Meiner Schwester geht es nach der letzte Woche mental überhaupt nicht gut. Sie ist sehr stark belastet und kommt langsam an ihre Grenzen. Ich versuche für sie da zu sein, so gut ich kann, aber ich kann ihr nicht das geben, was sie braucht. Ein Grund dafür kann natürlich auch sein, dass ich selbst seit Wochen Schlafmangel und erheblichem Stress ausgesetzt bin. Ich muss überlegen, wann ich das letzte Mal wirklich richtig entspannt habe. Ich gehe auf dem Zahnfleisch, kann langsam nicht mehr und habe mich mit Vorfreude auf die Osterferien gefreut. Ein bisschen Pause. Nebenbei Seminare und Vorbereitungen für mein weiteres Praktikum. Aber auch einfach mal ein bisschen Pause. Durch die Umstände habe ich zwar an sich Pause. Aber mental nicht. Ich muss versuchen, organisatorisch alles hinzubekommen. Gleichzeitig für meine Schwester stark sein und sie trösten. Mir selbst nicht anmerken lassen, dass ich gerade eigentlich überhaupt nicht so stark bin, wie ich die ganze Zeit tu. Richtig Möglichkeit zum Rauslassen habe ich abends unter der Bettdecke. Da kann ich weinen. Aber reden ist momentan schwierig. Obwohl mir das immer sehr hilft, meine Gedanken nicht in mich hineinzufressen.
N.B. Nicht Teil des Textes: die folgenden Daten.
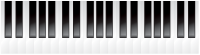 Клавиши пианино PNG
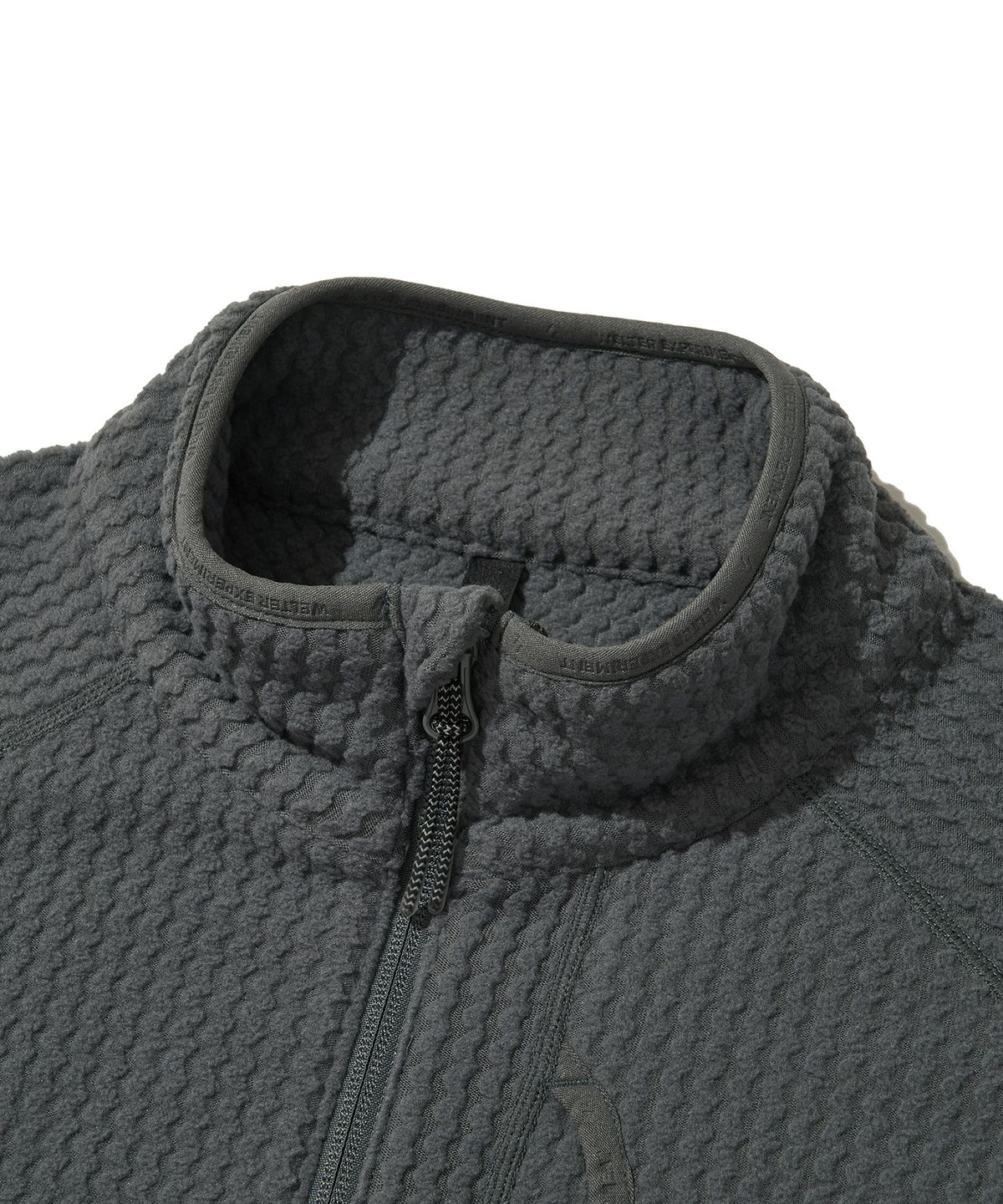 웰터 익스페리먼트(WELTER EXPERIMENT) CALORA FLEECE FULL ZIP_CHARCOAL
Es ist gerade irgendwie eine Ausnahmesituation. Niemand weiß, wie lange das noch geht. Wir sitzen in einer „fremden“ Wohnung, wissen nicht wann wir wieder nach Hause können oder ob jeder Schnelltest bei uns auch eine Infektion anzeigt. Die Ungewissheit ist wirklich schwierig. Ich weiß, es ist Meckern auf ganz hohem Niveau. Es gibt viel zu viele Menschen, die wirklich ihr Zuhause verlassen müssen. Für immer. Deren Zuhause zerstört wird. Aber dennoch dürfen wir uns überfordert fühlen und die Situation einfach scheiße finden.

Und obwohl wir von vielen Menschen in unserem Umfeld Hilfe angeboten bekommen haben, fühle ich mich einfach nur einsam. Ich glaube, das, was ich mir momentan am meisten wünsche, ist einfach richtig in den Arm genommen zu werden.
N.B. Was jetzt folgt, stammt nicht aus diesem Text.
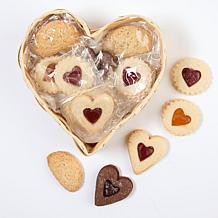 Cookies Con Amore 2-pack 1 lb. Cookie-Filled Heart Baskets
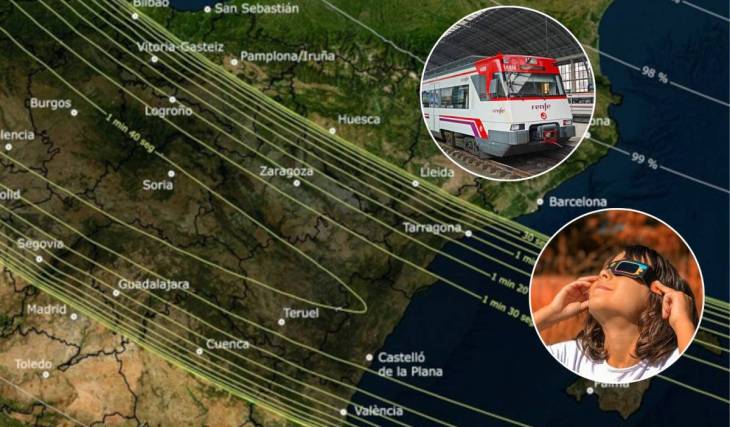 No hace falta coche: estos pueblos de Valencia y Castellón son perfectos para ver el eclipse y puedes llegar en tren o autobús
Es ist mir egal, ob ich für andere schwach rüber komme, weil ich in dieser Situation überfordert bin und mit der Verantwortung ein wenig ins Wanken gerate. Es ist mir egal, ob es in meiner privilegierten Lage angemessen oder überhaupt berechtigt ist, sich zu beschweren. Manchmal tut das auch einfach nur gut und man muss alles einfach auch mal rauslassen.
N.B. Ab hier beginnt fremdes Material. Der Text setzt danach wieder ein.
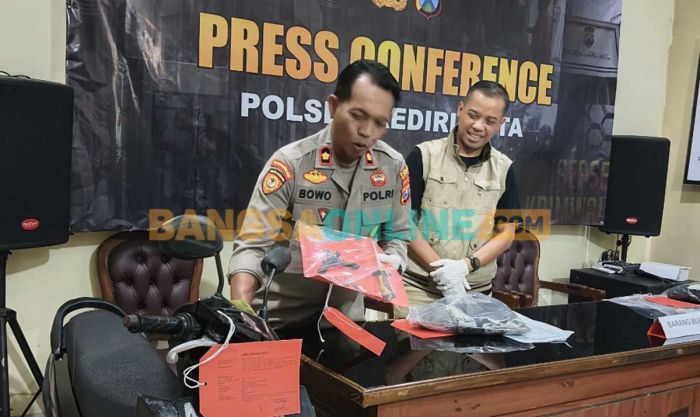 Polsek Kediri Kota Ringkus 2 Pelaku Curanmor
Nach jedem Tief kommt wieder ein Hoch. Ich hoffe, unser Tief ist bald vorüber, es gibt keine folgenden Schäden für die Erkrankten und ich kann in eineinhalb Wochen wieder in den Alltag einsteigen.

Ich wünsche allen, die gerade auch in einer Situation sind, die sie überfordert – ganz egal, warum – viel Kraft und Geduld! Und allen anderen soweit frohe Ostern.